A regulation change designed to rein in “shadow flipping” will come into effect on May 16. That term describes the practice of buying a property with an assignment clause and then selling the assignment before the deal closes, often without the knowledge of the seller. The practice can inflate the price of the property, and allows the various buyers to avoid paying B.C.’s property transfer tax.
Under the new regulations, realtors will be required to get written consent from the seller before transferring the contract, and any profit resulting from an assignment contract transfer would have to be returned to the seller.
In June, the government will also start to collect information about the citizenship of property owners through the property transfer tax form when owners register property at B.C.’s Land Title Office. Companies who own property will be required to provide the name, address and contact information for company directors who are not Canadian citizens. The information will be made public in aggregate form, likely at the end of 2016, de Jong said.
Chart by Urban Futures , using data from the Real Estate Board of Greater Vancouver
Unlike other countries, Canadian governments currently do not collect data on foreign owners of real estate. Critics have said the system proposed by the BC Liberals will be easy to evade, but de Jong said regular audits would ensure property owners are complying.
Any future policy would be based on what the collected data shows, de Jong said.
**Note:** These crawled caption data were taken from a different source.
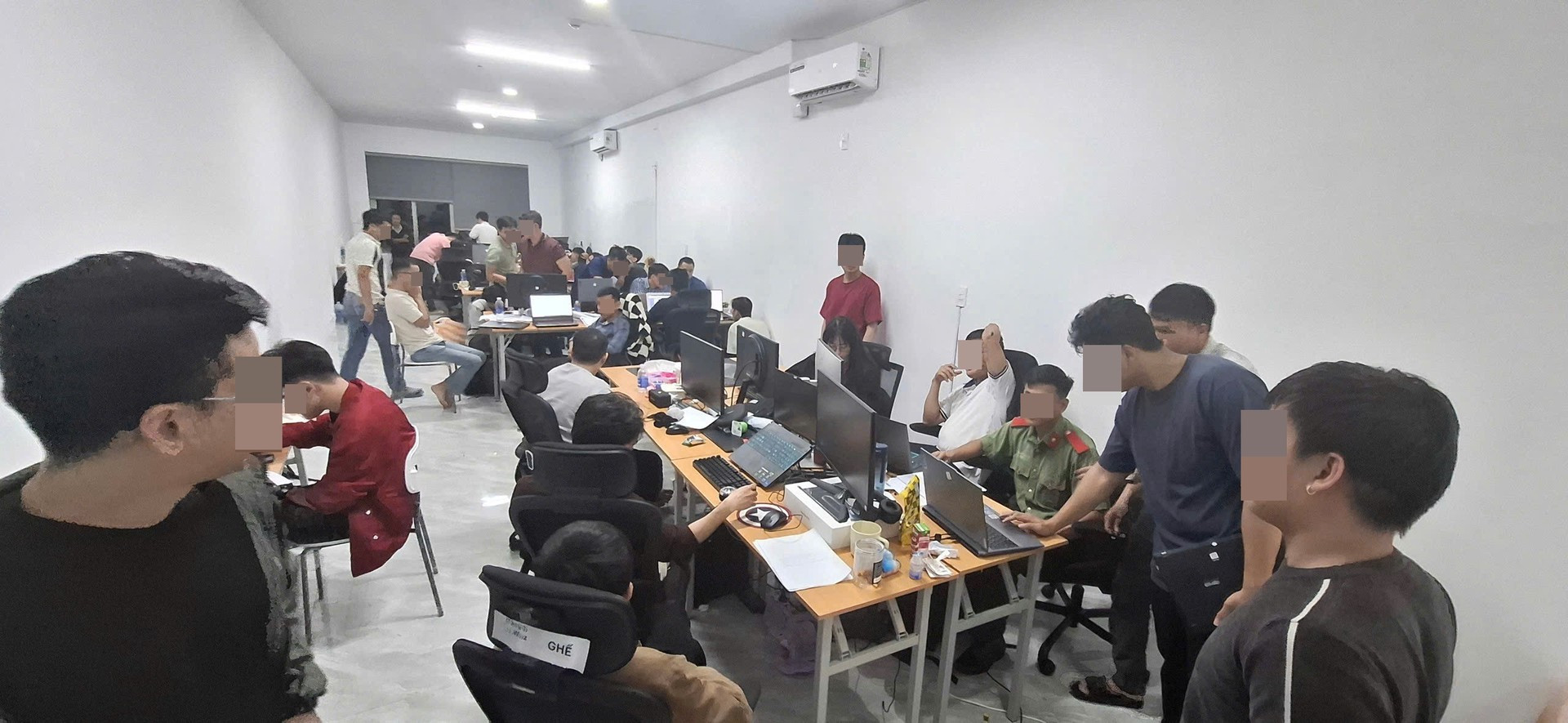 27-11DB1.jpg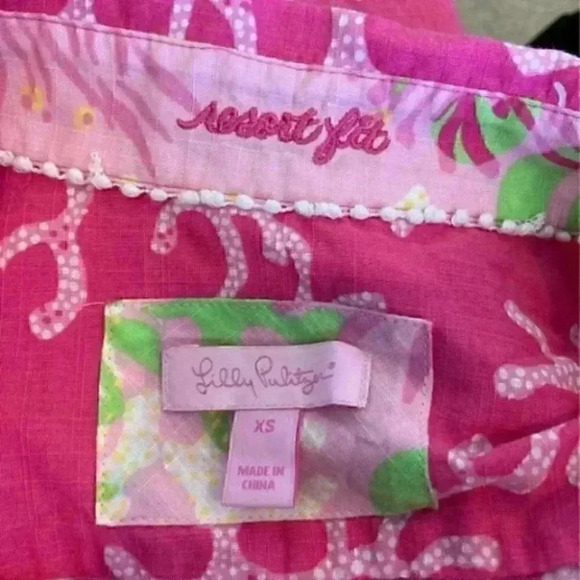 Lilly Pulitzer button up blouse in the resort fit style - Picture 3 of 3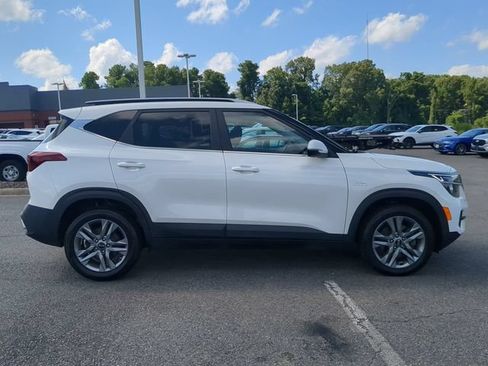 Used 2021 Kia Seltos S AWD/4WD image 3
He characterized the heated public debate around the issue as being unfounded on any real evidence that foreign ownership is driving the enormous price increases in Metro Vancouver real estate over the past year.
B.C. residents now say housing is their number one issue, overtaking concerns about the economy and jobs, according to a recent poll commissioned by Business in Vancouver.
“We’d better have a clear sense about what the impact actually is on the market … and we’d better have a clear sense of what our objective is,” de Jong said. The goal is to have “an accurate sense of what is taking place that goes beyond what someone’s name looks like or what they look like.”
Josh Gordon, a political science professor at Simon Fraser University, recently published a report that brings together much of the academic work that has been done on the issue, which shows that foreign investment is having an impact on the Vancouver property market.
“All of the other explanations, they just don’t add up. They don’t make sense,” he said.
But de Jong said he believes the solution is not to restrict demand by increasing taxation on foreign buyers, but to increase supply; he suggested that if municipalities were to speed up delayed development applications, “it would relieve some — not all but some — of the pressure on the market.”